In particular, the economic downturn has adjusted consumer choices with the report acknowledging the growth of the small car sector from 32.7% of the market mix across the EU in 2000 to 43.2% in 2011.

The changing mix reflects feelings expressed at the Finance & Leasing Association used car seminar in the summer such as the increasing size of ‘small’ car models and the five-door hatchback now being considered the standard family car by consumers and findings by Experian Automotive which pointed to 0.75% growth in used superminis in Q2, making it the largest used car segment at present.

“Product downsizing suggests lower absolute prices of new cars, offering lower absolute profit per unit for manufacturers and dealers and, in turn, less absolute revenue earning opportunity as cars pass through their life cycles,” Cooke notes in the report.

Mixed revision

Despite UK year-to-date car sales rising 3.3% on 2011, and appearing not to suffer the same fate as the rest of the EU, the report notes volumes are still down by 15% on 2007 pre-recession levels.

As a further example, according to Cooke’s research comparing total cars on the road by brand over five-year periods (2003-2007 inclusive compared to 2007-2011 inclusive), only Alfa Romeo, Audi, BMW, Chevrolet, Hyundai, Kia, Mini and Škoda can claim to have grown.

As such, the Buckingham Automotive Team is sticking by the estimation of 1.94 million new registrations in the UK for 2012, shared by the Society of Motor Manufacturers (SMMT) at the start of the year.
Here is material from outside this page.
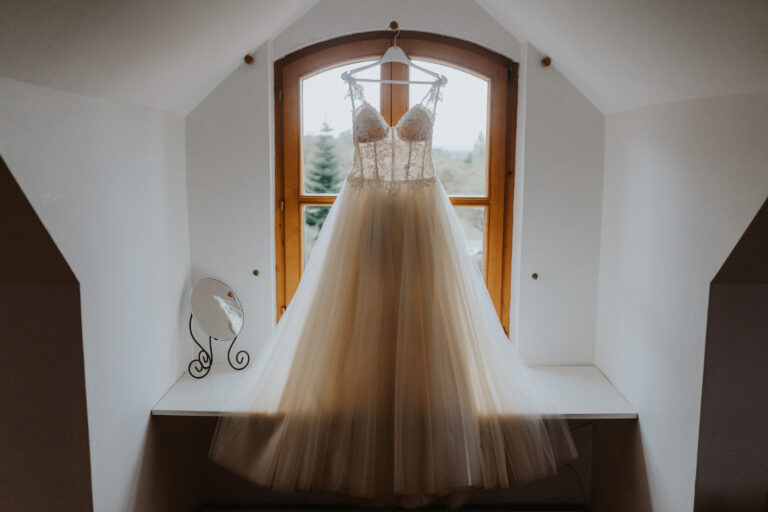 Das Brautkleid hängt am Fenster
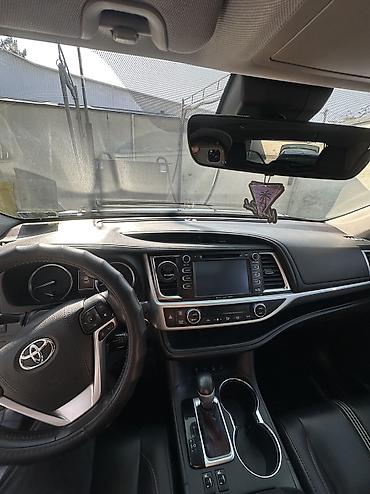 Транспорт: Toyota Highlander: 2019 г., 3.5 л, Автомат, Бензин — 10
However, the SMMT has since revised its prediction up to two million registrations.

Should the conservative estimate of 1.94 million registrations prove true, and with the UK car market tied to the national financial crisis through finance providers, the report wonders if the current situation “offers manufacturers’ finance houses the chance to grow market share as honest brokers selling finance to fund cars, rather than using it as a means to offer a clutch of other services”.

And should the sterling-euro balance remain and European sales continue their nosedive, the report adds, the UK can expect manufacturing bases in the Czech Republic and Romania to be building more right-hand drive cars and flooding the market with cheaper cars.

Looking to the used market, Cooke is not confident the market supply problem of quality stock will abate within the next 8-10 years and has instead suggested dealers consider a “managed supply chain” of strategic alliances with manufacturers, fleet operators, rental and leasing companies.